Chaque petit défi rendait le suivant moins intimidant.

La confiance n'est apparue qu'après avoir commencé.

C'est apparu parce que j'ai commencé.

Lors de ma conversation avec Sarah Riley, elle m'a demandé où j'avais trouvé la confiance nécessaire pour déménager ma famille dans un autre pays et créer une entreprise hôtelière à partir de rien.

La vérité, c'est que je ne me suis pas réveillée un matin en me sentant sans peur.

La nécessité est devenue mon meilleur professeur.

Mes enfants avaient besoin de stabilité.

Ma famille avait besoin d'un revenu.

Attendre de me sentir complètement prête n'était tout simplement pas envisageable.

J'ai donc continué à passer à l'étape suivante.
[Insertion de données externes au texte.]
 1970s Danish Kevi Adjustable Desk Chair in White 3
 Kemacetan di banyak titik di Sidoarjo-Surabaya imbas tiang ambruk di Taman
Les études d'ingénieur m'avaient déjà appris une autre leçon qui s'est avérée inestimable.

Le principe 80/20.

En ingénierie, attendre une certitude à 100 % signifie souvent que rien ne se construit.

Atteindre 80 % suffit généralement pour aller de l'avant, apprendre, s'adapter et s'améliorer.

Cet état d'esprit est devenu essentiel au Brésil.

Si j'avais attendu de tout comprendre, Casa JOMO n'aurait jamais ouvert ses portes.

J'ai donc appris sur le tas.

Chaque conversation m'a appris quelque chose.

Chaque invité m'a appris quelque chose.

Chaque erreur devenait une partie de l'apprentissage.

Avec le recul, le Brésil m'a apporté bien plus qu'une entreprise hôtelière.

Cela m'a rappelé que l'adaptabilité est une compétence.

La curiosité est un atout.

Et la résilience n'est pas quelque chose avec lequel on naît.

C'est quelque chose que l'on construit grâce à l'expérience.

Aujourd'hui, je parle souvent avec des gens qui rêvent de partir vivre à l'étranger.

Nombreux sont ceux qui ont passé des années à faire des recherches sur les pays, les visas et les quartiers.

La recherche est précieuse.

Mais il arrive un moment où plus d'informations ne créent plus plus de confiance.

L'action, oui.

Déménager dans un autre pays implique toujours une part d'incertitude.

Il y aura toujours des choses que vous n'auriez pas pu prévoir.

L'objectif n'est pas d'éliminer l'incertitude.

Il s'agit de devenir le genre de personne qui sait qu'elle peut s'y retrouver.

Le Brésil me l'a appris.

Et pour cette leçon, je serai toujours reconnaissant.